Defendants also contend, for the first time on appeal, plaintiffs’ allegations showed Garfield, Juliano, and Cavedon were agents of New U Life. As the defendants did not present this argument in the trial court, we find the argument forfeited. ( People v. Graham, supra , 102 Cal.App.5th at p. 798.)
DISPOSITION
The order denying in part the anti-SLAPP motion is affirmed. Plaintiffs are entitled to costs on appeal. MOTOIKE, J. WE CONCUR: MOORE, ACTING P. J. SANCHEZ, J.
NOTES
[1] In a footnote in their opening brief, defendants challenge the trial court’s evidentiary rulings on Warw ick’s and James’s declarations. We deem these arguments forfeited, as footnotes are improper vehicles for presenting arguments on appeal. ( Pasternak v. McCullough (2021) 65 Cal.App.5th 1050, 1058, fn. 6.)
[2] “Trade libel is generally defined as ‘“an intentional disparagement of the quality of property, which results in pecuniary damage to plaintiff.”’” ( Muddy Waters, LLC v. Superior Court (2021) 62 Cal.App.5th 905, 925.) “ To constitute trade libel, a statement must be false ” ( ComputerXpress, Inc. v. Jackson (2001) 93 Cal.App.4th 993, 1010) and made with actual malice ( J-M Manufacturing Co., Inc. v. Phillips & Cohen LLP (2016) 247 Cal.App.4th 87, 97). “‘“ [T]he plaintiff must prove in all cases that the publication has played a material and substantial part in inducing others not to deal with him, and that as a result he has suffered special damages. ”’” ( Muddy Waters , at p. 925.)

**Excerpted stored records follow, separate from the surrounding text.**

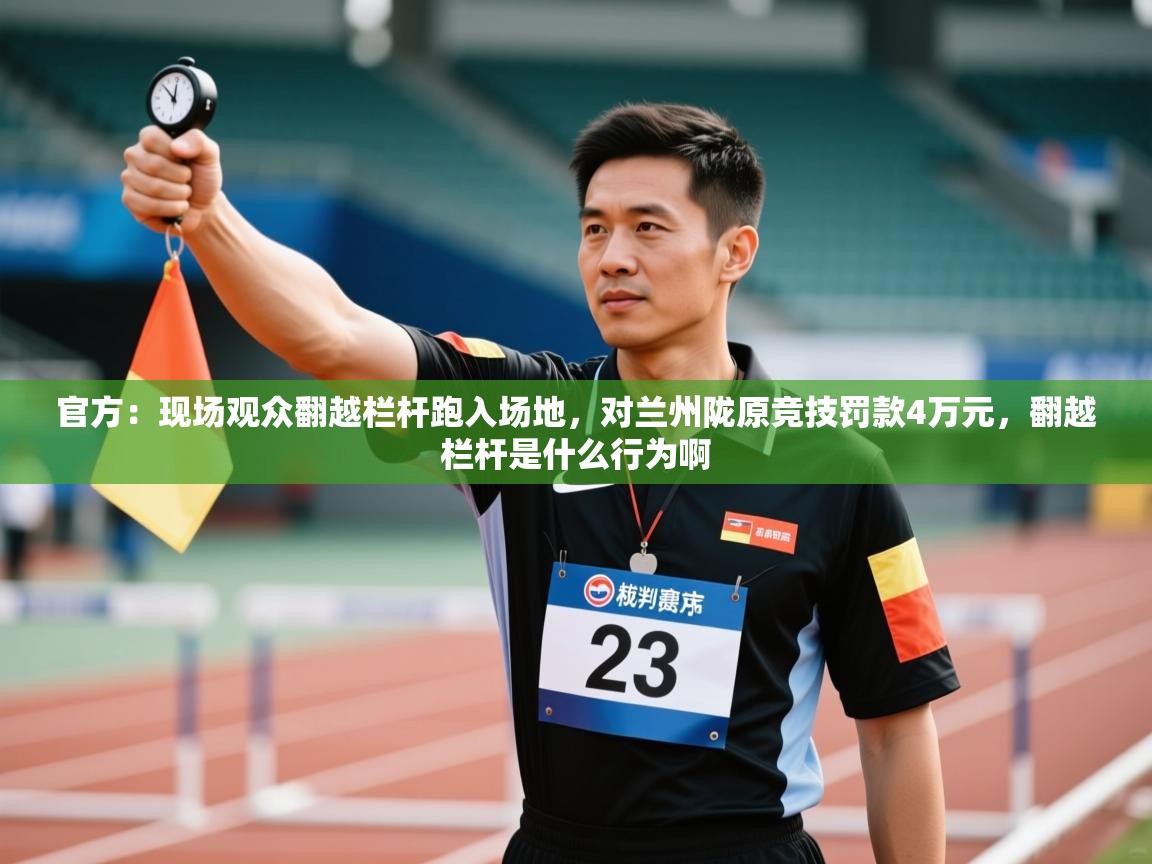 官方：现场观众翻越栏杆跑入场地，对兰州陇原竞技罚款4万元，翻越栏杆是什么行为啊  第2张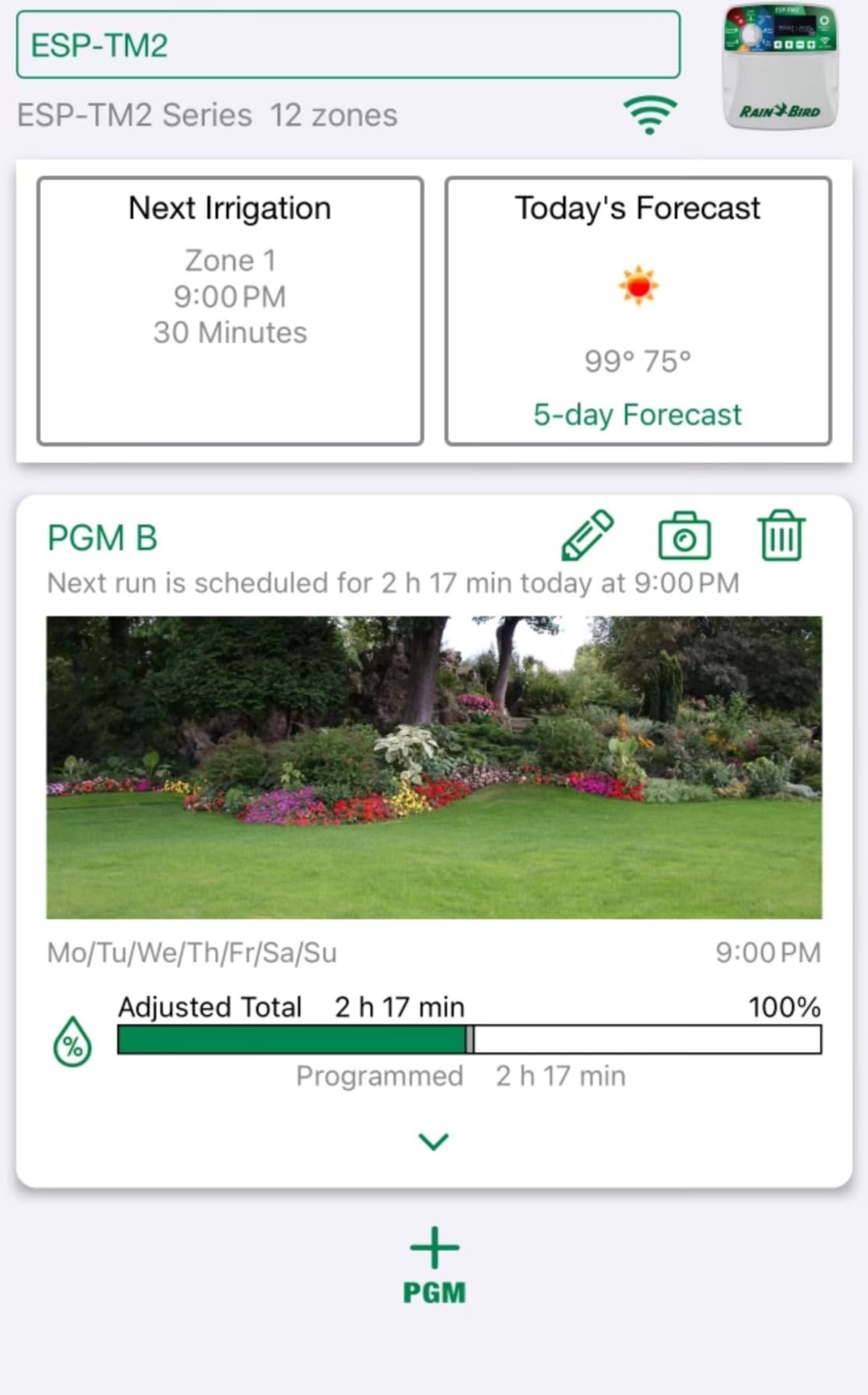 Rain-Bird ESP-TM2 Indoor Outdoor Irrigation WiFi Zone Controller Timer Box and Link Lnk WiFi Mobile Wireless Smartphone Upgrade Module (12 Zone) customer photo 1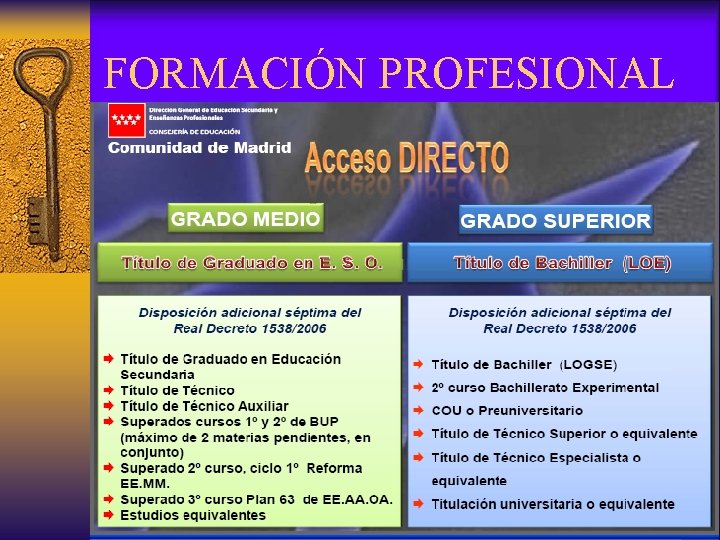 FORMACIÓN PROFESIONAL 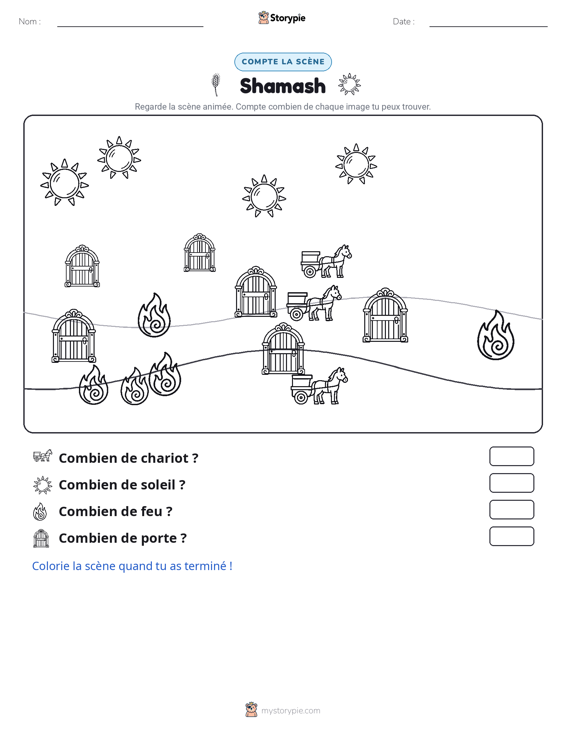 Scène de Comptage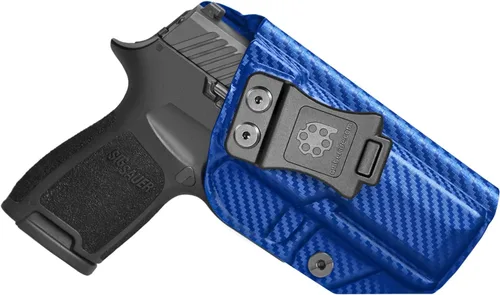 Vista 11 de Amberide IWB Kydex Holster for SIG Sauer P320 Carry/Compact / M18, Concealed Carry, No Optic/No Laser, Adjustable Cant, Secure Retention, Made in
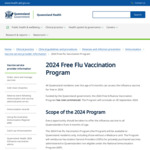 Free Flu Vaccinations for QLD Residents at Most Qld Pharmacies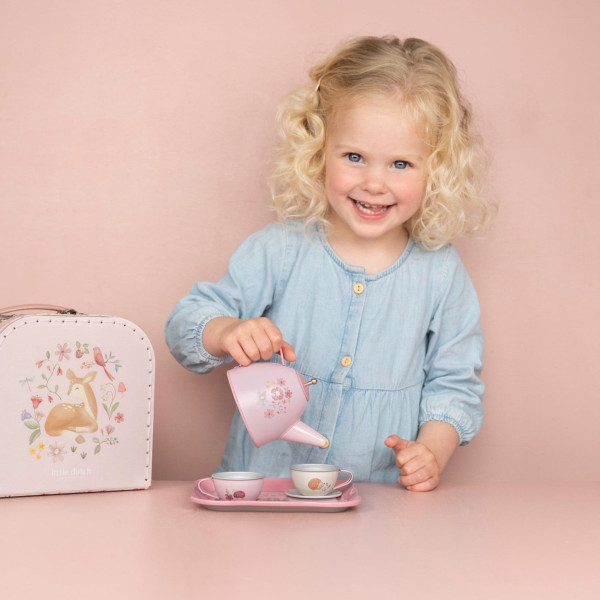 Little Dutch Σετ Τσαγιού σε Βαλιτσάκι Fairy Garden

[3] “Interference with prospective economic advantage consists of ‘(1) an economic relationship between the plaintiff and a third party, with the probability of future economic benefit to the plaintiff; (2) the defendant’s knowledge of the relationship; (3) an intentional act by the defendant, designed to disrupt the relationship; (4) actual disruption of the relationship; and (5) economic harm to the plaintiff proximately caused by the defendant’s wrongful act, including an intentional act by the defendant that is designed to disrupt the relationshi p between the plaintiff and a third party.’ [Citation.] The intentional act at issue must be ‘independently wrongful.’” ( City of Costa Mesa v. D’Alessio Investments, LLC (2013) 214 Cal.App.4th 358, 376.)
[4] “ To establish conspiracy, a plaintiff must allege that the defendant had knowledge of and agreed to both the objective and the course of action that resulted in the injury, that there was a wrongful act committed pursuant to that agreement, and that there was resulting damage. [Citation.] A conspiracy requires evidence ‘ that each member of the conspiracy acted in concert and came to a mutual understanding to accomplish a common and unlawful plan, and that one or more of them committed an overt act to further it. ’ [Citation.] Thus, conspiracy provides a remedial measure for affixing liability to all who have ‘ agreed to a common design to commit a wrong ’ when damage to the plaintiff results. [Citation.] The defendant in a conspiracy claim must be capable of committing the target tort. ” ( IIG Wireless, Inc. v. Yi (2018) 22 Cal.App.5th 630, 652.)